DELİLLER :Dava dışı … Ltd. Şti.’nin ticaret sicil kayıtları, defter ve kayıtları, bankalara yazılan müzekkere cevapları, tanık beyanları, ASO, OSB ve SGK kayıtları, Ankara Ticaret İl Müdürlüğü kayıtları, Ankara Batı … Aile Mahkemesinin … esas sayılı dosyası, Ankara Batı … Aile Mahkemesinin … esas sayılı dosyası, mahallinde yapılan keşif, 02/06/2020 tarihli bilirkişi kurulu raporu, 14/10/2020 tarihli bilirkişi kurul ek raporu ile tüm dosya kapsamı.
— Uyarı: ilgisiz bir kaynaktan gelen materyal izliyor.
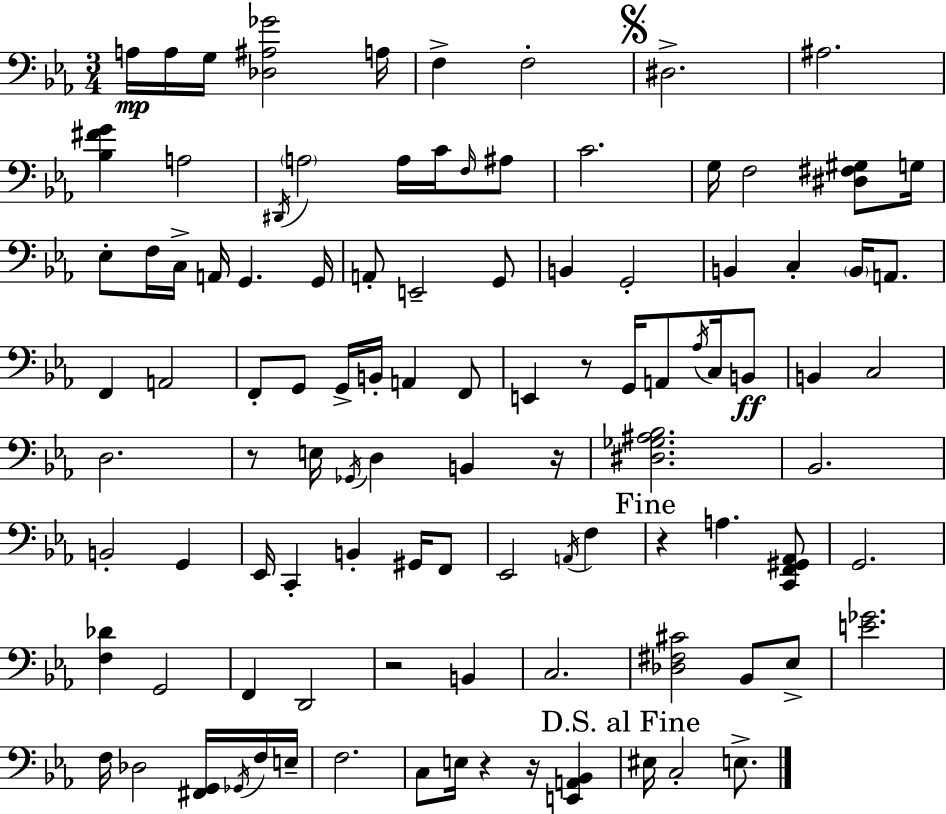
A3/s A3/s G3/s [Db3,A#3,Gb4]/h A3/s F3/q F3/h D#3/h. A#3/h. [Bb3,F#4,G4]/q A3/h D#2/s A3/h A3/s C4/s F3/s A#3/e C4/h. G3/s F3/h [D#3,F#3,G#3]/e G3/s Eb3/e F3/s C3/s A2/s G2/q. G2/s A2/e E2/h G2/e B2/q G2/h B2/q C3/q B2/s A2/e. F2/q A2/h F2/e G2/e G2/s B2/s A2/q F2/e E2/q R/e G2/s A2/e Ab3/s C3/s B2/e B2/q C3/h D3/h. R/e E3/s Gb2/s D3/q B2/q R/s [D#3,Gb3,A#3,Bb3]/h. Bb2/h. B2/h G2/q Eb2/s C2/q B2/q G#2/s F2/e Eb2/h A2/s F3/q R/q A3/q. [C2,F2,G#2,Ab2]/e G2/h. [F3,Db4]/q G2/h F2/q D2/h R/h B2/q C3/h. [Db3,F#3,C#4]/h Bb2/e Eb3/e [E4,Gb4]/h. F3/s Db3/h [F#2,G2]/s Gb2/s F3/s E3/s F3/h. C3/e E3/s R/q R/s [E2,A2,Bb2]/q EIS3/s C3/h E3/e.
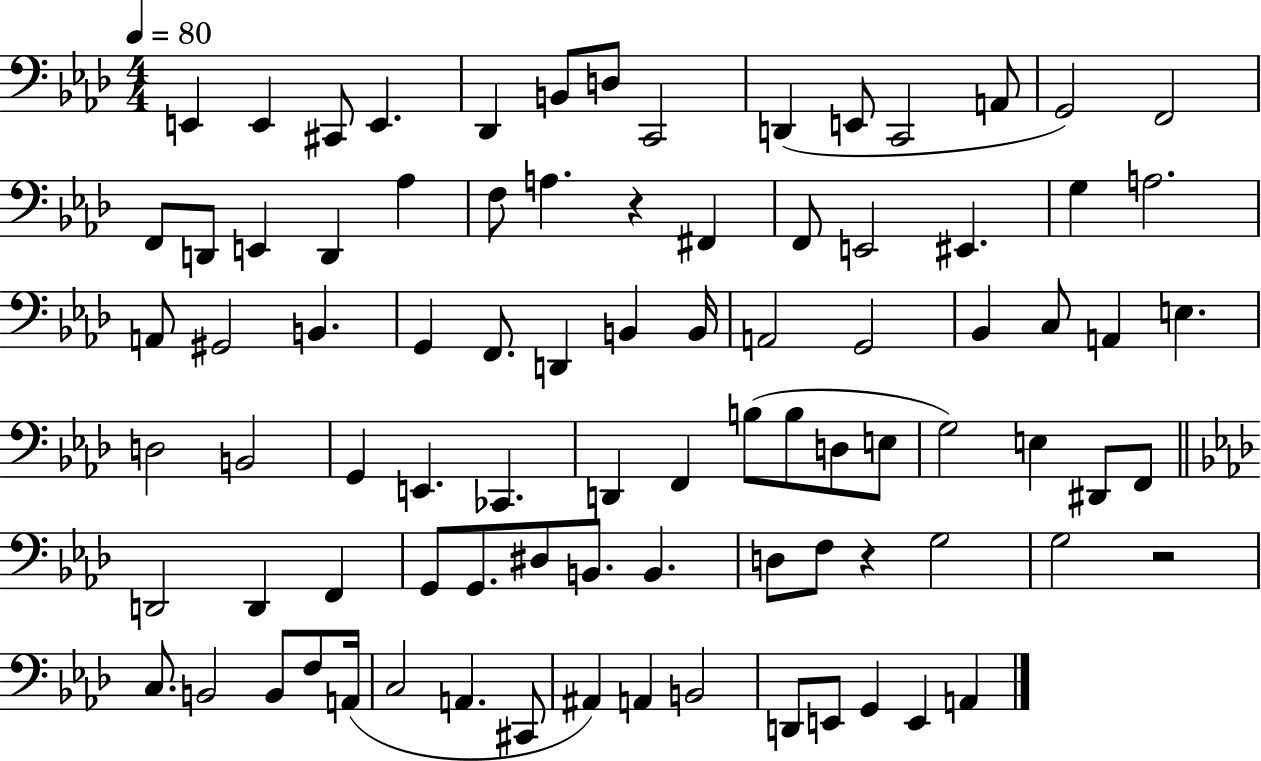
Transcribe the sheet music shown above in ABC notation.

X:1
T:Untitled
M:4/4
L:1/4
K:Ab
E,, E,, ^C,,/2 E,, _D,, B,,/2 D,/2 C,,2 D,, E,,/2 C,,2 A,,/2 G,,2 F,,2 F,,/2 D,,/2 E,, D,, _A, F,/2 A, z ^F,, F,,/2 E,,2 ^E,, G, A,2 A,,/2 ^G,,2 B,, G,, F,,/2 D,, B,, B,,/4 A,,2 G,,2 _B,, C,/2 A,, E, D,2 B,,2 G,, E,, _C,, D,, F,, B,/2 B,/2 D,/2 E,/2 G,2 E, ^D,,/2 F,,/2 D,,2 D,, F,, G,,/2 G,,/2 ^D,/2 B,,/2 B,, D,/2 F,/2 z G,2 G,2 z2 C,/2 B,,2 B,,/2 F,/2 A,,/4 C,2 A,, ^C,,/2 ^A,, A,, B,,2 D,,/2 E,,/2 G,, E,, A,,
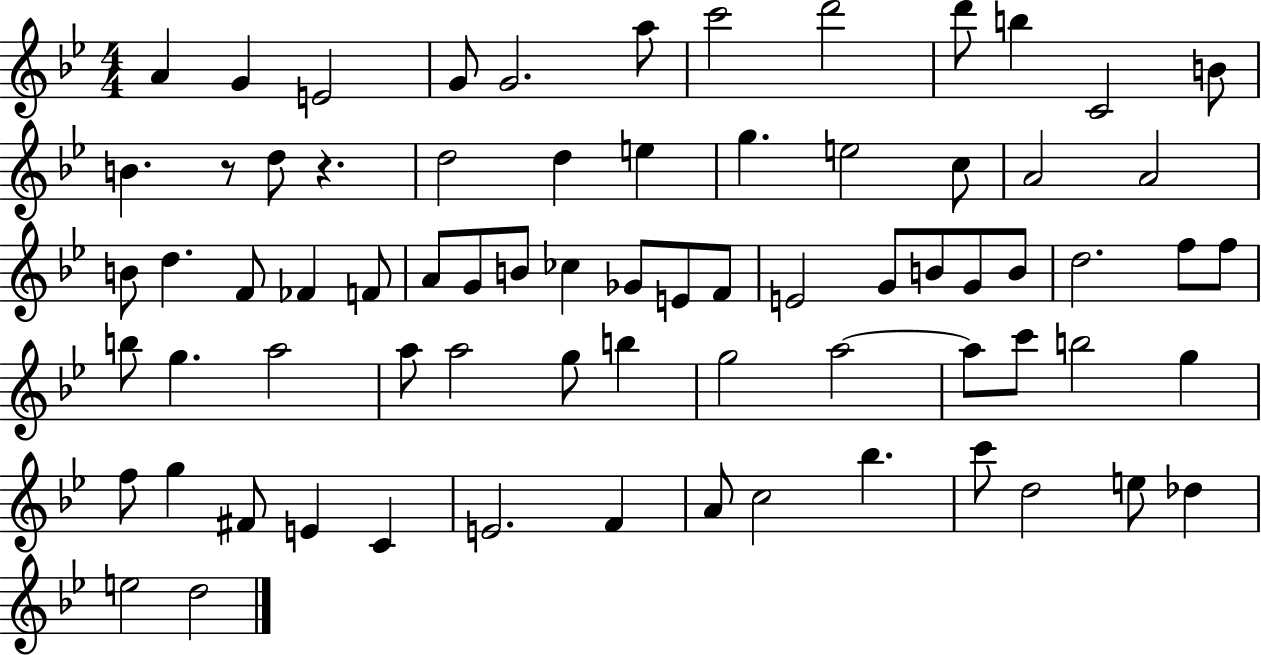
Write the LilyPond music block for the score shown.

{
  \clef treble
  \numericTimeSignature
  \time 4/4
  \key bes \major
  a'4 g'4 e'2 | g'8 g'2. a''8 | c'''2 d'''2 | d'''8 b''4 c'2 b'8 | \break b'4. r8 d''8 r4. | d''2 d''4 e''4 | g''4. e''2 c''8 | a'2 a'2 | \break b'8 d''4. f'8 fes'4 f'8 | a'8 g'8 b'8 ces''4 ges'8 e'8 f'8 | e'2 g'8 b'8 g'8 b'8 | d''2. f''8 f''8 | \break b''8 g''4. a''2 | a''8 a''2 g''8 b''4 | g''2 a''2~~ | a''8 c'''8 b''2 g''4 | \break f''8 g''4 fis'8 e'4 c'4 | e'2. f'4 | a'8 c''2 bes''4. | c'''8 d''2 e''8 des''4 | \break e''2 d''2 | \bar "|."
}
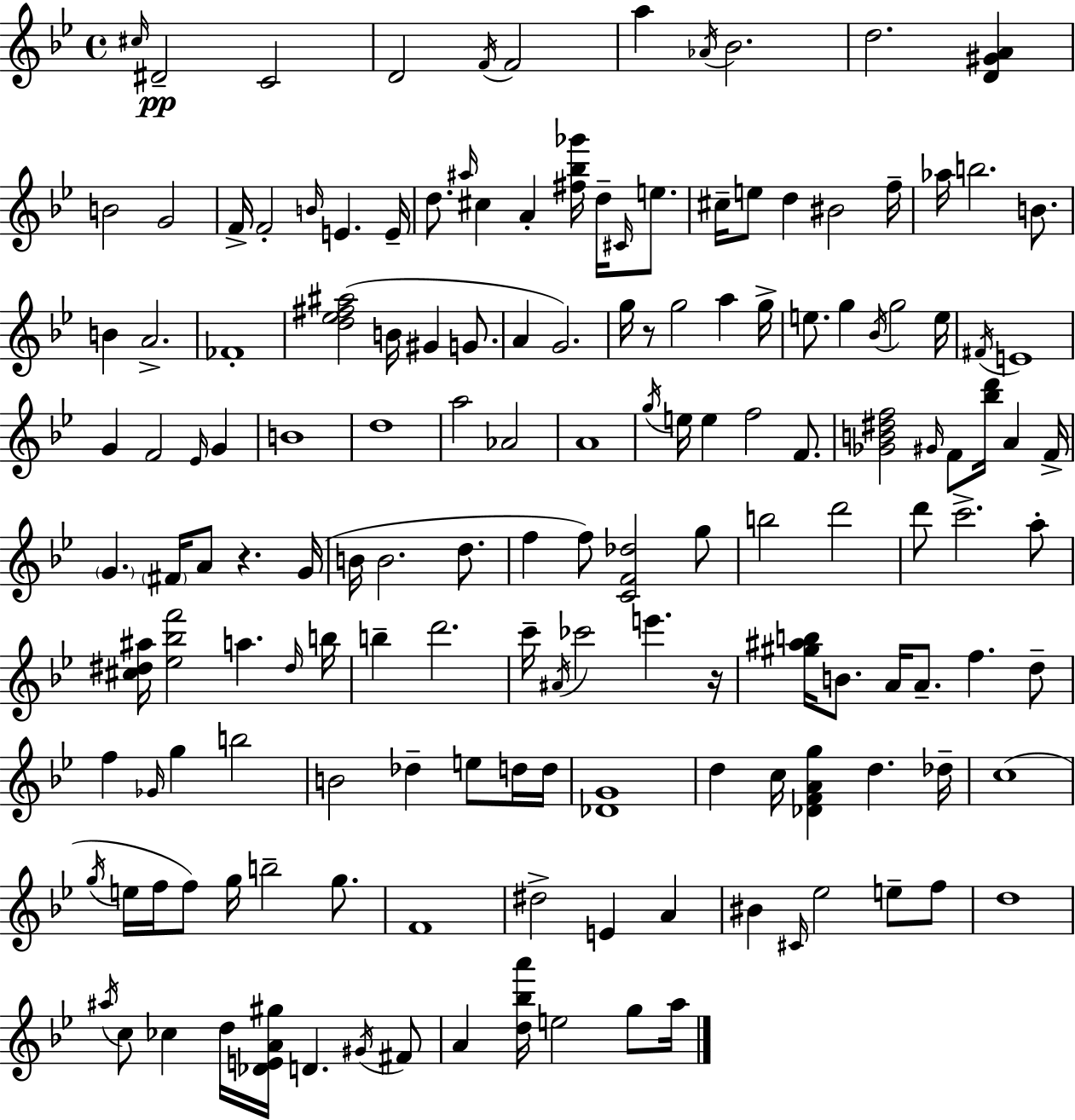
C#5/s D#4/h C4/h D4/h F4/s F4/h A5/q Ab4/s Bb4/h. D5/h. [D4,G#4,A4]/q B4/h G4/h F4/s F4/h B4/s E4/q. E4/s D5/e. A#5/s C#5/q A4/q [F#5,Bb5,Gb6]/s D5/s C#4/s E5/e. C#5/s E5/e D5/q BIS4/h F5/s Ab5/s B5/h. B4/e. B4/q A4/h. FES4/w [D5,Eb5,F#5,A#5]/h B4/s G#4/q G4/e. A4/q G4/h. G5/s R/e G5/h A5/q G5/s E5/e. G5/q Bb4/s G5/h E5/s F#4/s E4/w G4/q F4/h Eb4/s G4/q B4/w D5/w A5/h Ab4/h A4/w G5/s E5/s E5/q F5/h F4/e. [Gb4,B4,D#5,F5]/h G#4/s F4/e [Bb5,D6]/s A4/q F4/s G4/q. F#4/s A4/e R/q. G4/s B4/s B4/h. D5/e. F5/q F5/e [C4,F4,Db5]/h G5/e B5/h D6/h D6/e C6/h. A5/e [C#5,D#5,A#5]/s [Eb5,Bb5,F6]/h A5/q. D#5/s B5/s B5/q D6/h. C6/s A#4/s CES6/h E6/q. R/s [G#5,A#5,B5]/s B4/e. A4/s A4/e. F5/q. D5/e F5/q Gb4/s G5/q B5/h B4/h Db5/q E5/e D5/s D5/s [Db4,G4]/w D5/q C5/s [Db4,F4,A4,G5]/q D5/q. Db5/s C5/w G5/s E5/s F5/s F5/e G5/s B5/h G5/e. F4/w D#5/h E4/q A4/q BIS4/q C#4/s Eb5/h E5/e F5/e D5/w A#5/s C5/e CES5/q D5/s [Db4,E4,A4,G#5]/s D4/q. G#4/s F#4/e A4/q [D5,Bb5,A6]/s E5/h G5/e A5/s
GEREKÇE :Dava, şirket hisse devri işlemleri muvazaalı olduğu iddiasıyla iptali ve davalı adına olan hisse payının davacı adına kayıt ve tescili istemine ilişkindir.
Dava dışı … Limited Şirketi (“…”) 10.01.1994 yılında limited şirket olarak tescil edilmiş ve 13.01.1994 tarihli ticaret sicil gazetesinde ilan edilmiştir. Ankara 67. Noterliğinin 31/10/2017 tarih ve … yevmiye sayılı resmi senet ile şirket ortaklarından davacının murisi …’nın 40.000,00TL sermaye karşılığı 40 adet payını hukuki ve mali yükümlülükleri ile birlikte davalı …’ya devir ettiği, devir işlemlerinin pay defterine tescil edildiği, pay değişikliğinin Türkiye Ticaret Sicil Gazetesinin 03/11/2017 tarih ve … sayılı suretinde yayınlandığı hususları tartışmasızdır.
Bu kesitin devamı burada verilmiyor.